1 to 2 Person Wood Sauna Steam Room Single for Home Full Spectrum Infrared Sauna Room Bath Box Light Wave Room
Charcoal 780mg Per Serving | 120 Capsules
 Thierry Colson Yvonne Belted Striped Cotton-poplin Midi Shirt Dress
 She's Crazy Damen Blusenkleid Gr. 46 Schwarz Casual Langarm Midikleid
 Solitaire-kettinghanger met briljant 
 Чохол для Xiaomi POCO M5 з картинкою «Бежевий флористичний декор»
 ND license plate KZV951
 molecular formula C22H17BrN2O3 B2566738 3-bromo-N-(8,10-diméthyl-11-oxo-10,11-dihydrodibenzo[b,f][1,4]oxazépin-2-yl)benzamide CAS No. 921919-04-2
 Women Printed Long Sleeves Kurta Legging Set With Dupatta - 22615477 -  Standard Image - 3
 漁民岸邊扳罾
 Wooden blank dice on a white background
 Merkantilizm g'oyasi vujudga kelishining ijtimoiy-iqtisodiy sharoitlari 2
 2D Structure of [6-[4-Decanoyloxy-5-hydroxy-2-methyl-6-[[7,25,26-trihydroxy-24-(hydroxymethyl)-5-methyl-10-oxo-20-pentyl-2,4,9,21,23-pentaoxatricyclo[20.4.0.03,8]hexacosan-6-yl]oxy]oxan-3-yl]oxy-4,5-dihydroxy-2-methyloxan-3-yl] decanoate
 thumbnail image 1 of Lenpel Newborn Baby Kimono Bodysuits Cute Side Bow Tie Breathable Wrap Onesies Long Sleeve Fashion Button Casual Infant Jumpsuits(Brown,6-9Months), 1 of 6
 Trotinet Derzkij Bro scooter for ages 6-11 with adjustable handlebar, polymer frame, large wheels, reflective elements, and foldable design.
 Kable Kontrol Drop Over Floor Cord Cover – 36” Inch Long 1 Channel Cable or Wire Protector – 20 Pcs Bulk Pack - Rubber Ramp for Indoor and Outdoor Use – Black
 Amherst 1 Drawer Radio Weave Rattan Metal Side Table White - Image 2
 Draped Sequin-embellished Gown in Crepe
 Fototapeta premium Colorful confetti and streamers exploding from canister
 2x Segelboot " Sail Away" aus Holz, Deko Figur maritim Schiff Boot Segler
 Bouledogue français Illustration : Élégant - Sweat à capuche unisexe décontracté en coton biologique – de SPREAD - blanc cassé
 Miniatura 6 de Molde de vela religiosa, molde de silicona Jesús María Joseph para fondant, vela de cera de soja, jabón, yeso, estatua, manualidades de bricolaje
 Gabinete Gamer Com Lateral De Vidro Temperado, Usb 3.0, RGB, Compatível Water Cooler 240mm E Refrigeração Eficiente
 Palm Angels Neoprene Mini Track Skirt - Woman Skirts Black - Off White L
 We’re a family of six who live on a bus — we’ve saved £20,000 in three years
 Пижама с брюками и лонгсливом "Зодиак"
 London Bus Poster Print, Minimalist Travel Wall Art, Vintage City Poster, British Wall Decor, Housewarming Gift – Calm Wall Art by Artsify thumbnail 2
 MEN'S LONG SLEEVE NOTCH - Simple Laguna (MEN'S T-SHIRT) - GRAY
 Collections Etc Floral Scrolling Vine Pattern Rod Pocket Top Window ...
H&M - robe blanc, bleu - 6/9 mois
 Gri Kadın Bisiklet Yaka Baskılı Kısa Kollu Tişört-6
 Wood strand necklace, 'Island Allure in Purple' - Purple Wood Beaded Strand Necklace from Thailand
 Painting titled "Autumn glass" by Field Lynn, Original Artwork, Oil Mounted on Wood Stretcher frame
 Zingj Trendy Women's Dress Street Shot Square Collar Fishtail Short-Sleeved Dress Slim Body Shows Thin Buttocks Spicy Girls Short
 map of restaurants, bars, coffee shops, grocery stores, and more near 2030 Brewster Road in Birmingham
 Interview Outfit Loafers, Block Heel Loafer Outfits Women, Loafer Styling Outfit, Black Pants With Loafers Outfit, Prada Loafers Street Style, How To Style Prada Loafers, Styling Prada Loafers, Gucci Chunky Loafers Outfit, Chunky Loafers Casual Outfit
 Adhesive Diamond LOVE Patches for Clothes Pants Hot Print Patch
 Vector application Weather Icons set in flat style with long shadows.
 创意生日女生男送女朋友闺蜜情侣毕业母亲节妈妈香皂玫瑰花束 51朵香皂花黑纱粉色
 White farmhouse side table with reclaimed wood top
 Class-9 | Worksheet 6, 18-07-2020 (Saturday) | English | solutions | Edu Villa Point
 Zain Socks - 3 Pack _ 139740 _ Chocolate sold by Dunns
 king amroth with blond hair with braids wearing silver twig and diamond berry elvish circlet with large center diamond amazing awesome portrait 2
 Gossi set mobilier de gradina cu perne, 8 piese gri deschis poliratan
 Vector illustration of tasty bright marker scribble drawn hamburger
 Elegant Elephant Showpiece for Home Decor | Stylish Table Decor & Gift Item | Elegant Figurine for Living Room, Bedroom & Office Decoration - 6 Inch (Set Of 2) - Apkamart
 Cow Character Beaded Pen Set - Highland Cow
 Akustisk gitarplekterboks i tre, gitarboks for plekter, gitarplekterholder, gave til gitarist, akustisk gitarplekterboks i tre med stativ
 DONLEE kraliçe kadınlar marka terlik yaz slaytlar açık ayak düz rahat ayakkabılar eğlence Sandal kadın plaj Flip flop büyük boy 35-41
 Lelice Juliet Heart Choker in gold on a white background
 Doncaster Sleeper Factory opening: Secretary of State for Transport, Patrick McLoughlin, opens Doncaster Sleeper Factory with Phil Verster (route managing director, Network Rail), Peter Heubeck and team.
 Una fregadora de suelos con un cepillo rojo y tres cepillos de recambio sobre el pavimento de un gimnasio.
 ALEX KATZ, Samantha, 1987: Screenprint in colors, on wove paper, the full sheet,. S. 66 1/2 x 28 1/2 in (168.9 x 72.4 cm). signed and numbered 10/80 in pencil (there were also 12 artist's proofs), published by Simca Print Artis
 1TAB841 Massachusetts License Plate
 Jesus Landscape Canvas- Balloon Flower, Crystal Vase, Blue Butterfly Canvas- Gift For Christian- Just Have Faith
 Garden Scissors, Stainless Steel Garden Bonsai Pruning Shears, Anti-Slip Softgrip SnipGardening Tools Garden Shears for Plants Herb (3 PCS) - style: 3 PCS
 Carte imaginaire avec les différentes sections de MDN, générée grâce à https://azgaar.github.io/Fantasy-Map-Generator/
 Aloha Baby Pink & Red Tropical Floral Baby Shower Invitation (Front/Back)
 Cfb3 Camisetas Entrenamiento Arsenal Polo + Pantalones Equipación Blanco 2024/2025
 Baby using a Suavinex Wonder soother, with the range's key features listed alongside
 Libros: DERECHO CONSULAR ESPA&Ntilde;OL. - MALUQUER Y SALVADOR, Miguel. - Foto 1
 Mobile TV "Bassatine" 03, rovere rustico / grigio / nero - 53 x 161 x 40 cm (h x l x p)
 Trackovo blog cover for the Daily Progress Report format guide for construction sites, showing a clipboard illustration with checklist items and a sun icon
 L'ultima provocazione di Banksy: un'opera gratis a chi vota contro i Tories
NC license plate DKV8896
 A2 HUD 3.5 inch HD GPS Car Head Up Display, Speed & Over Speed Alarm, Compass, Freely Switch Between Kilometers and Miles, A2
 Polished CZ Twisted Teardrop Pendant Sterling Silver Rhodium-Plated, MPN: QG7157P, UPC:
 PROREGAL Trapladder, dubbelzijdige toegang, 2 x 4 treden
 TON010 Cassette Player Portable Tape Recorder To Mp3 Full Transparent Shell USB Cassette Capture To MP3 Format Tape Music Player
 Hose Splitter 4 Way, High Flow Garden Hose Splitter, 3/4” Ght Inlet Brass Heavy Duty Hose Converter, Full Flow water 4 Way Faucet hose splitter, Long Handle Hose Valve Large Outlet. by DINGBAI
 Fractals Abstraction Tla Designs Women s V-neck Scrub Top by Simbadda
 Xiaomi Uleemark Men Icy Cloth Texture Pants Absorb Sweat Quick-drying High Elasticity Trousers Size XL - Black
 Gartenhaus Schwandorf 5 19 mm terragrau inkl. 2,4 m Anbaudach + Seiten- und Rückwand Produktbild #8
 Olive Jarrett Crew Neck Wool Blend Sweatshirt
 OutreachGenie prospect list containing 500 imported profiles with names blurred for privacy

================================

--- What the task requires ---
In the records above, find the line with "H&M - robe blanc, bleu - 6/9 mois"; write out exactly that line and each one after it, stopping after the line with "map of restaurants, bars, coffee".

--- Solution to the problem ---
H&M - robe blanc, bleu - 6/9 mois
 Gri Kadın Bisiklet Yaka Baskılı Kısa Kollu Tişört-6
 Wood strand necklace, 'Island Allure in Purple' - Purple Wood Beaded Strand Necklace from Thailand
 Painting titled "Autumn glass" by Field Lynn, Original Artwork, Oil Mounted on Wood Stretcher frame
 Zingj Trendy Women's Dress Street Shot Square Collar Fishtail Short-Sleeved Dress Slim Body Shows Thin Buttocks Spicy Girls Short
 map of restaurants, bars, coffee shops, grocery stores, and more near 2030 Brewster Road in Birmingham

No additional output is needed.